§ **Activity**
Nothing but the lines from the one that holds "4-Piece Counter Height" through the end of the material should be repeated, each exactly as it stands, and pictures stay out.

(Provided information)

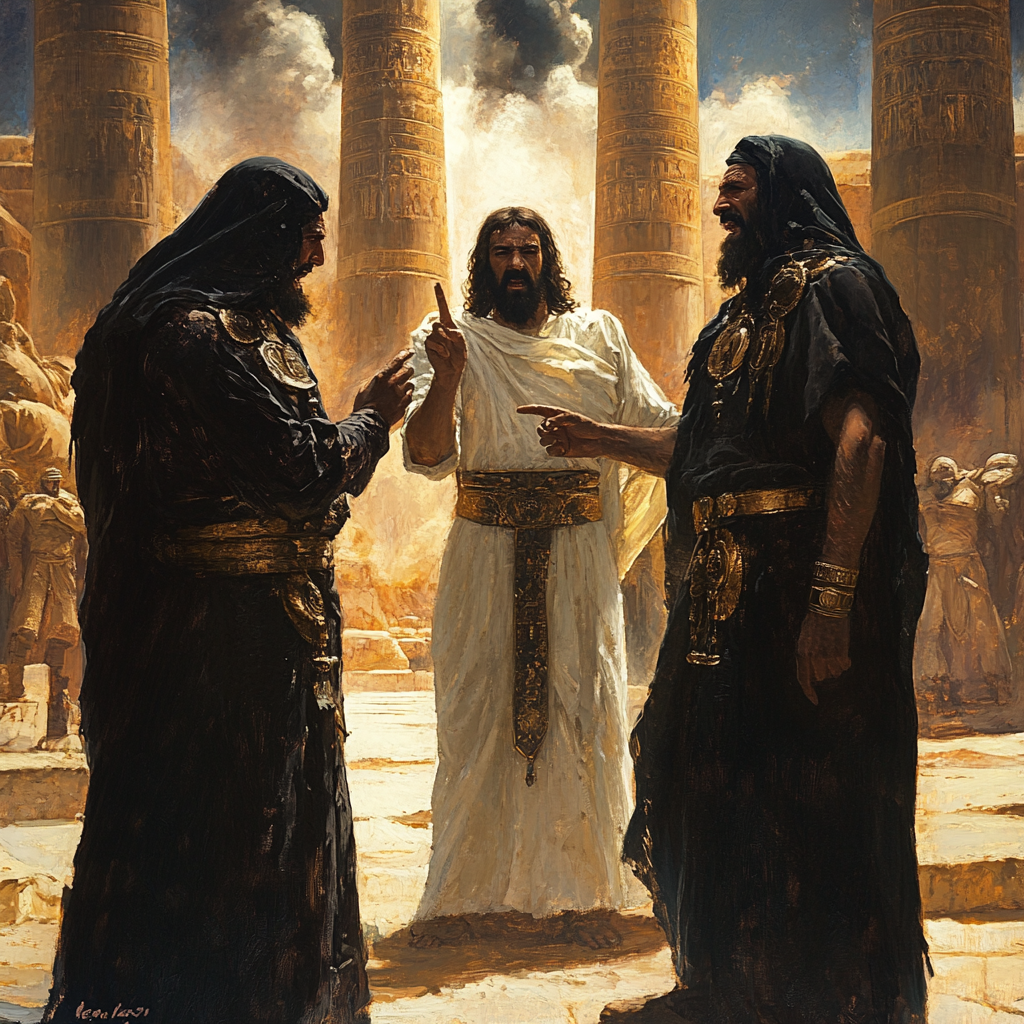 Two angry Pharisees accusing peaceful Jesus. Temple pillars.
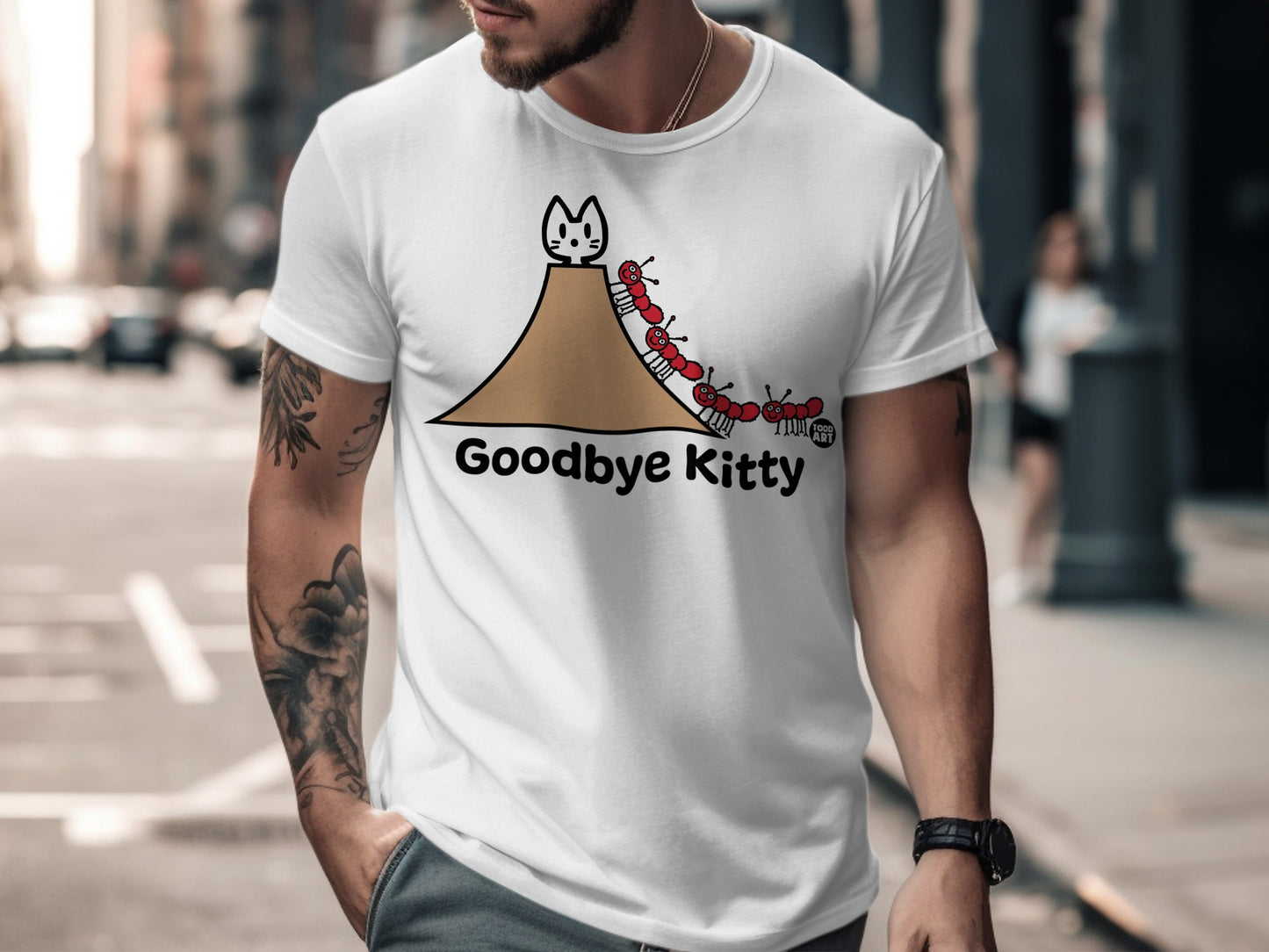 Goodbye Kitty Graphic T-shirt with Fun Design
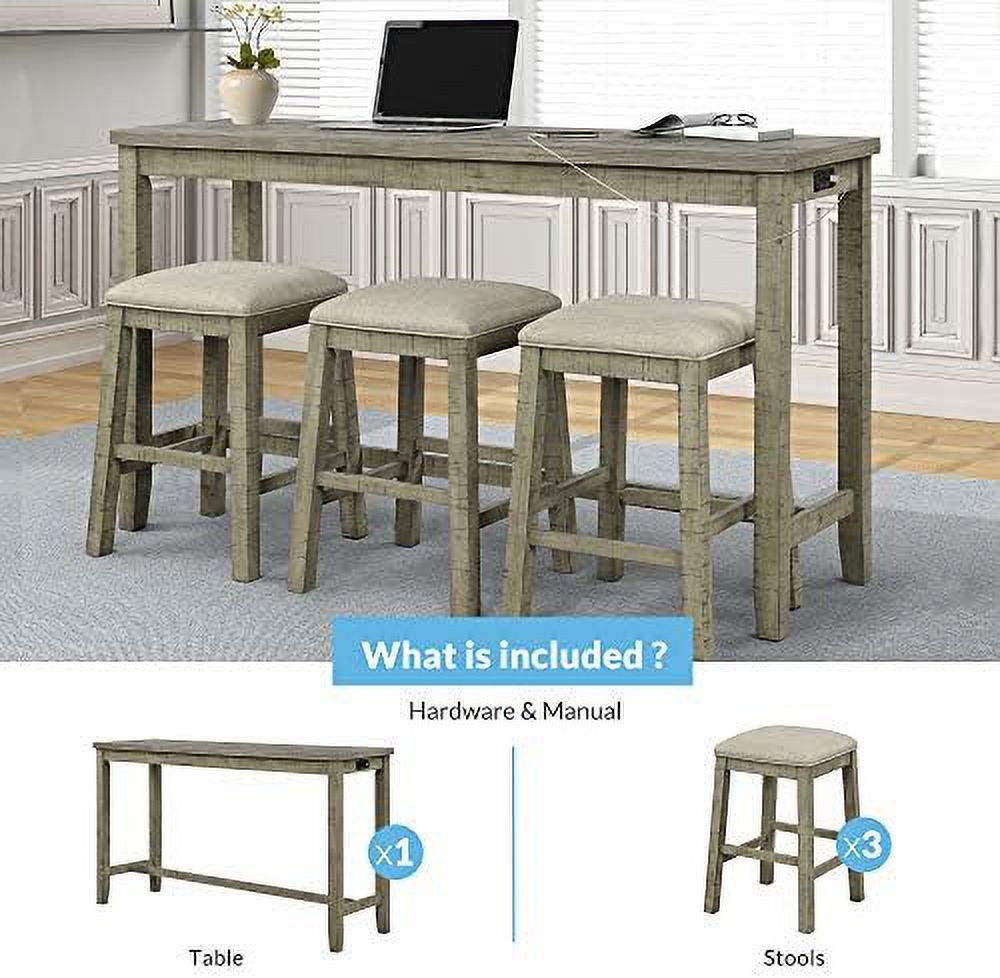 4-Piece Counter Height Dining Table Set with 3 Leather Padded Stools G67643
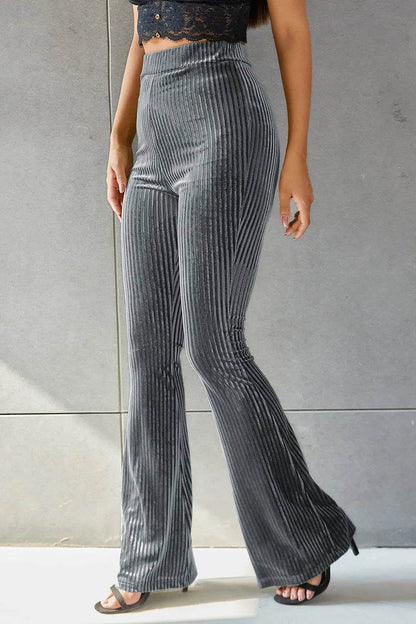 Ribbed High Waist Flare Pants Trendsi 4e7190d3-478f-4ad5-97f3-e93017f632a3-Max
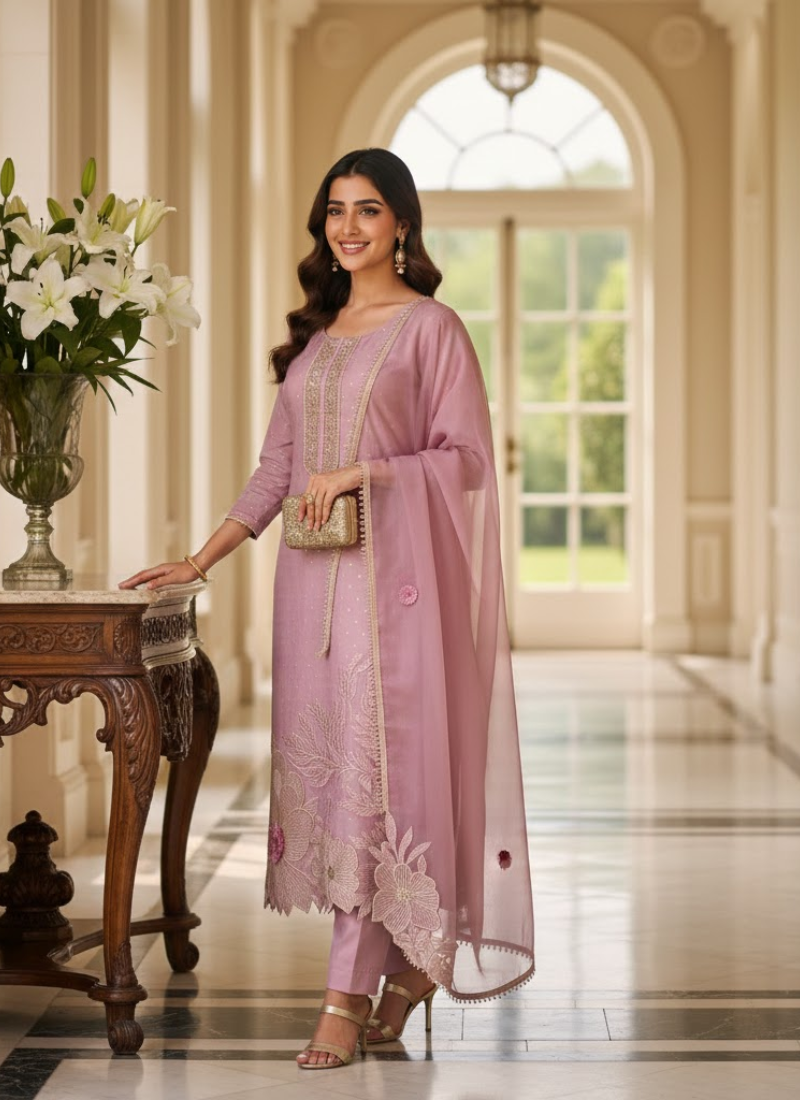 Light Purple Straight Salwar Suit with Lace & Maslin Dupatta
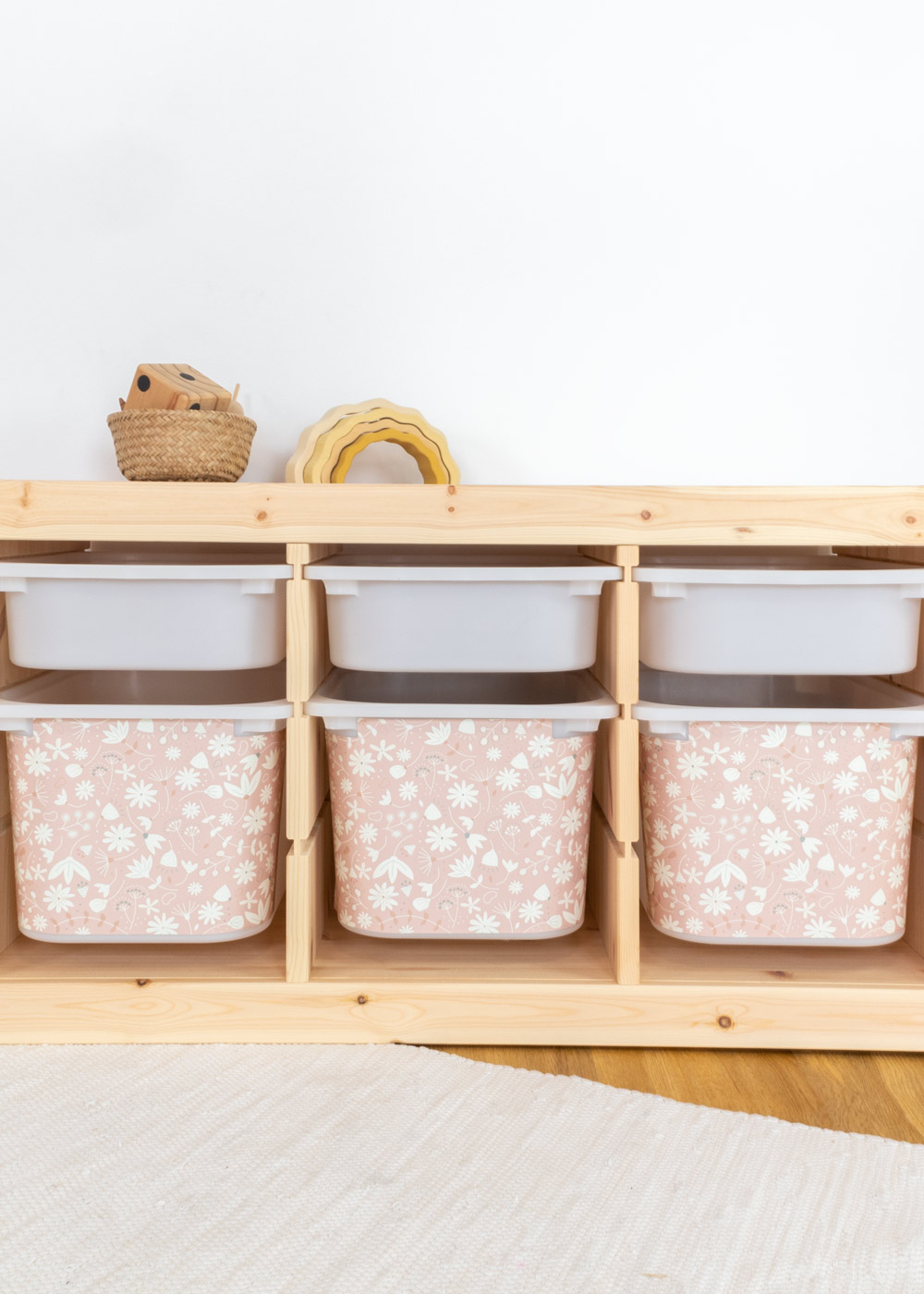 stickerset ikea trofast box mittel blumig blush 3er set 0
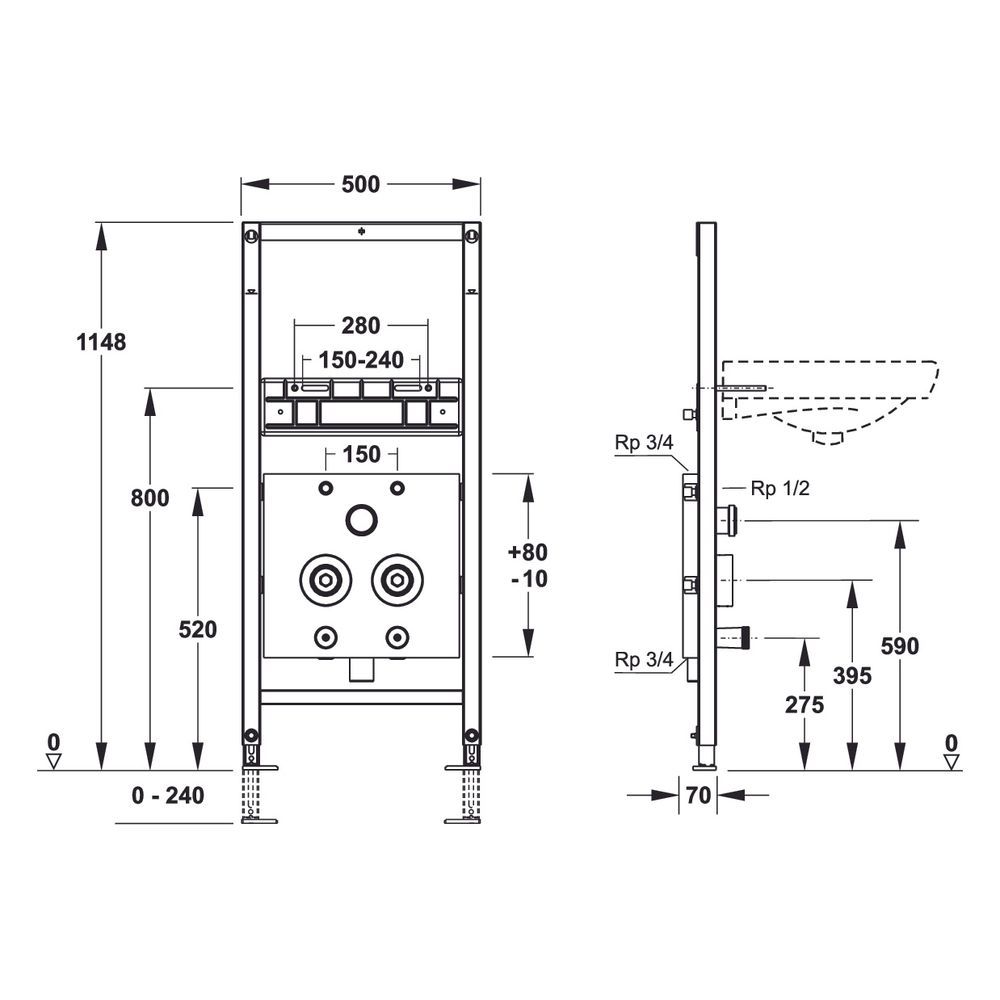 Mepa nextVIT Waschtisch-Element Einlochbatterie, Systembauhöhe 1200mm, Wasserzählerstrecke... MEPA-521027 4027952029787 (Abb. 2)
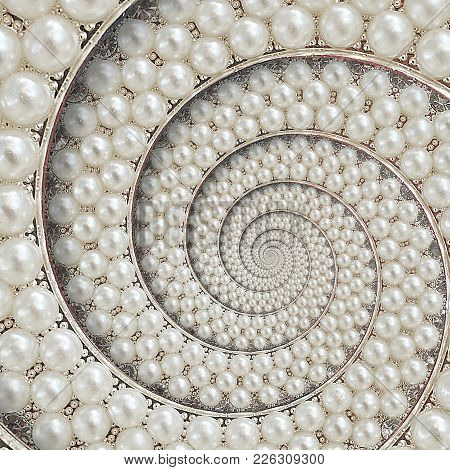 Pearls And Diamonds Jewels Abstract Spiral Background Pattern Fractal. Pearls Background, Repetitive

(End Provided information)

§ **Answer below**
 4-Piece Counter Height Dining Table Set with 3 Leather Padded Stools G67643
 Ribbed High Waist Flare Pants Trendsi 4e7190d3-478f-4ad5-97f3-e93017f632a3-Max
 Light Purple Straight Salwar Suit with Lace & Maslin Dupatta
 stickerset ikea trofast box mittel blumig blush 3er set 0
 Mepa nextVIT Waschtisch-Element Einlochbatterie, Systembauhöhe 1200mm, Wasserzählerstrecke... MEPA-521027 4027952029787 (Abb. 2)
 Pearls And Diamonds Jewels Abstract Spiral Background Pattern Fractal. Pearls Background, Repetitive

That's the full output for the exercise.